In my example I am going to use a universe of mine that has Accounts and look at the Account Open Date and Account Closed Date dimensions against which I will in effect create optional parameters. The attached document has related screen shots.


  1. Remove the criteria which involves the optional prompts from the primary query. I need to keep those dimension as Result Objects because I will need to filter on them in the report.

  2. Next create a secondary query with “dummy prompts”. It doesn’t really matter what universe I use because I don’t want to return any data anyway; we are just going to use the responses to the prompts. I actually just duplicated primary query and then added some criteria to ensure that I get no data. In my case that is Branch Number Less than 0. I then added two fields to prompt on. One could be either my Account Open Date or Account Closed Date. The other can be any dimension that is a string. I chose “Equal to” as the operator for both of them and make them prompts.

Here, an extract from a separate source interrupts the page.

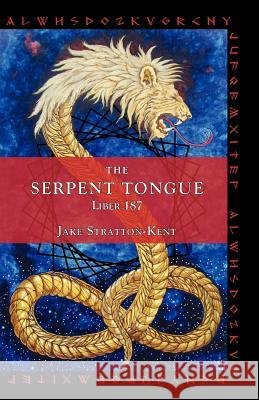 The Serpent Tongue: Liber 187 Stratton-Kent, Jake 9781907881077 Hadean Press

  3. Now switch to “Use custom query script” just for this secondary query with the dummy prompts. I have to keep in mind that if I am using custom query script and I edit my query in any way my custom query script will be thrown away without warning and replaced by newly regenerated query script. I can always go make my changes again, but I need to remember to do that.

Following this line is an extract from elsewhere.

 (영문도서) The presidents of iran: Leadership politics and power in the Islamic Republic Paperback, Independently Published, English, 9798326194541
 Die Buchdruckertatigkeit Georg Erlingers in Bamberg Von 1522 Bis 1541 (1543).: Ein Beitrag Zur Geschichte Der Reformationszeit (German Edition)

    To switch to use custom query script click on the “View Script” icon at the top of the Query Panel and choose the “Use custom query script” radio button. For the first prompt that corresponds to whatever date field you chose change the prompt text in first parameter of the @prompt function to make it generic. I made mine ‘Enter Date:’…

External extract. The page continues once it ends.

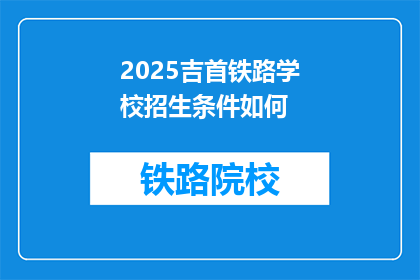 2025吉首铁路学校招生条件如何(2025年吉首铁路学校招生条件是何？)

    @prompt(‘Enter Date:’,’D’,’Account Attributes\Account Open Date’,Mono,Free,Not_Persistent,,User:0)

    The parameters of the prompt function corresponding to the string field requires a little bit more modification. I need to change the prompt text again; I made mine ‘Enter Date Dimension:’. The key here is to put the date dimension choices in the list of available values parameter. So instead of pulling the possible values from the underlying data I made mine {‘Open Date’,’Closed Date’}.

    @prompt(‘Enter Date Dimension:’,’A’,{‘Open Date’,’Closed Date’},Mono,Constrained,Not_Persistent,,User:1)

    So I have created a secondary query that will return no data, but will prompt for a date value and to which date that value should apply.

    I hit “Run Queries”. The query with the dummy prompts returns no data as expected.

  4. Then create two variables to capture the response to the dummy prompts. Remember the UserResponse function always returns a string. My Date Prompt Response variable formula to capture the date looks like this…

    =ToDate(UserResponse(“Enter Date:”); “M/d/yyyy hh:mm:ss a”)

    And my Date Dimension Prompt Response variable formula to capture to which dimension that date should be applied looks like this…

    =UserResponse(“Enter Date Dimension:”)

  5. Finally, create a variable based on those two variables which determines which date to filter on and whether the date entered matches. Here is my Date Comparison Flag variable formula…

    =If([Date Dimension Prompt Response]=”Open Date”; If([Date Prompt Response]=[Account Open Date];1; 0); If([Date Prompt Response]=[Account Closed Date];1;0))

    Add a filter where Date Comparison Flag Equal to 1.

That’s it!



I fully acknowledge there are a number of concerns about this approach. Here are a few of mine, you may have more…


  1. The data is filtered in the report rather than the query resulting in potentially returning a lot more data than necessary and negatively impacting the performance of the report.
  2. Using custom query script may be disabled in your organization. Also, if the query is edited in any way the query script gets regenerated and the customization is abandoned.
  3. Although in effect this solution forces you to pick one and only one of two optional value they are not optional parameters making this potentially logically misleading.
  4. I have not tried this approach with choose one value among a set of optional parameters where the values are not of the same data type. I think it could still be made to work, but I am not sure.

I know this is not a perfect solution, but I hope you can make it work for your situation or it give you an idea of something else to try.